The impact was, all things considered, pretty modest. The yield on the benchmark 10-year Treasury note jumped around a lot following the announcement and was up only about 5 basis points the following day.
Ben Bernanke, who held his final press conference as Chair of the Fed on December 18, did more than simply announce the taper. He managed to announce the taper without sending equities crashing or sending yields skyrocketing, and with (apparently) complete confidence that the time was finally right after what looked like two hesitant missteps earlier in the year.
In other words: he didn’t screw it up. During his tenure as Fed Chair Bernanke instituted and began to pare back the most ambitious monetary strategy in U.S. history. Wall Street will remember him as the person who saved the banks, and the Fed will remember him as a successful crisis-era Chair who took bold, unprecedented action to help save an economy on the brink of catastrophe, and he did it with fiscal headwinds howling in his face.
Main Street, though, may remember him differently, and the mixed interpretation of the taper announcement is evidence of his mixed reputation with the public. Many Americans suspect that QE has done little to help the “real economy,” (that is, Main Street), and that monetary stimulus has done more to support an institutionally corrupt financial industry than anything.
The extent to which this is true or not is unclear. Certainly the Fed’s accomodative monetary policy has been a critical factor in the recovery of the housing market, which is about as real as macroeconomic conditions get for many Americans.
A low interest rate environment absolutely helps corporate profits and has helped send the stock market to record highs, and while it stinks of tired theories about trickle-down economics, this has helped Main Street at least somewhat.

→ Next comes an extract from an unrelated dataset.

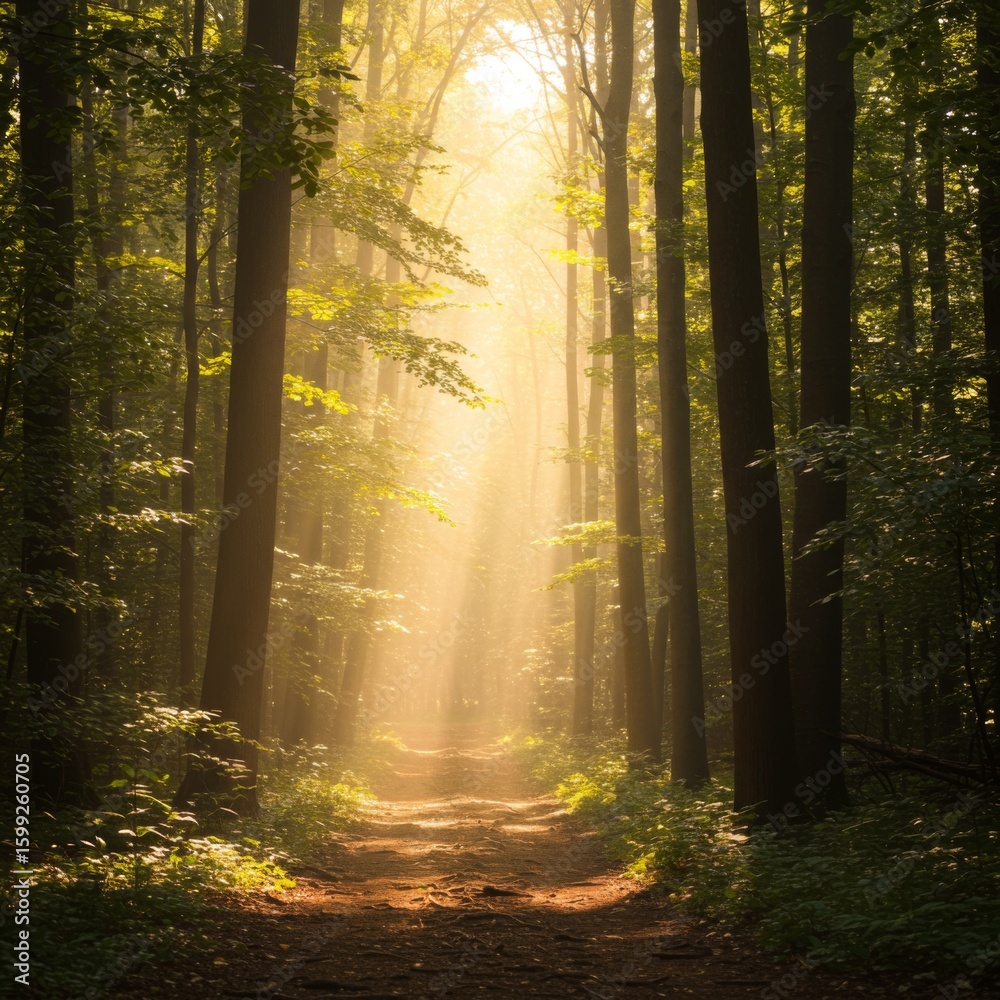 Obraz premium Sunlit Path Through Misty Forest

But perhaps the most significant thing that Bernanke did at his final press conference — the thing that has financial markets in a good mood, pundits confused about whether or not the taper was announced with a hawkish or dovish tone (the right answer is probably both), and much of Main Street feeling like they’re still being hung out to dry — is make it clear that the Fed will carry the financial markets on it back if it has to to get the nation through this recovery, apparently no matter what the cost. At this point, the Fed has dug in so deep that it can’t do anything else. The recovery — real or otherwise — depends on monetary stimulus.
The gesture was contained in a revision the Fed’s 6.5 percent unemployment target. In the announcement, the Fed stated that it could be appropriate to maintain an accomodative monetary position even after unemployment falls below 6.5 percent, which could happen in the coming year according to the Fed’s own projections.
This suggests that even as the U.S. approaches full employment (somewhere between 5.2 and 5.8 percent unemployment), the recovery could still be so fragile that without Fed stimulus it would fall apart. The markets know that the Fed would not willingly let this happen, so stimulus must continue, and it will likely continue for a while. Bernanke indicated that QE could be wrapped up come the end of 2014, but his estimates for the QE timeline have changed in the past. And even then, policymakers aren’t expect to begin tightening its core interest rate policy until 2015.